### Material for this task ###

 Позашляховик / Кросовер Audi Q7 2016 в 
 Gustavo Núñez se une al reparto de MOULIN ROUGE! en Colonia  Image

###
### Material for this task ###

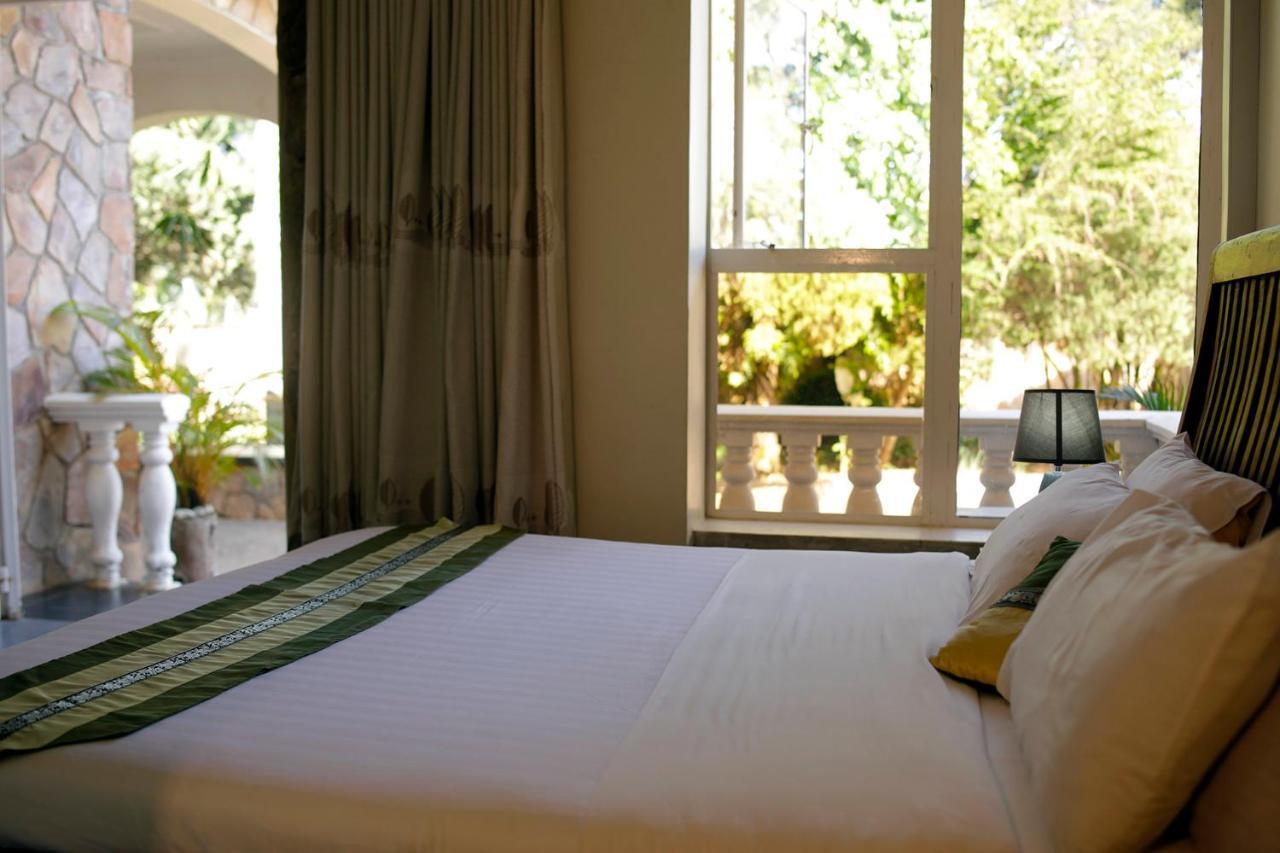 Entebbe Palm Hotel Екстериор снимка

###

### Work instructions
The response must hold only the lines above from the line with "Позашляховик / Кросовер Audi Q7 2016 в" through the line with "Gustavo Núñez se", each copied exactly, both ends kept.

### Exercise output
 Позашляховик / Кросовер Audi Q7 2016 в 
 Gustavo Núñez se une al reparto de MOULIN ROUGE! en Colonia  Image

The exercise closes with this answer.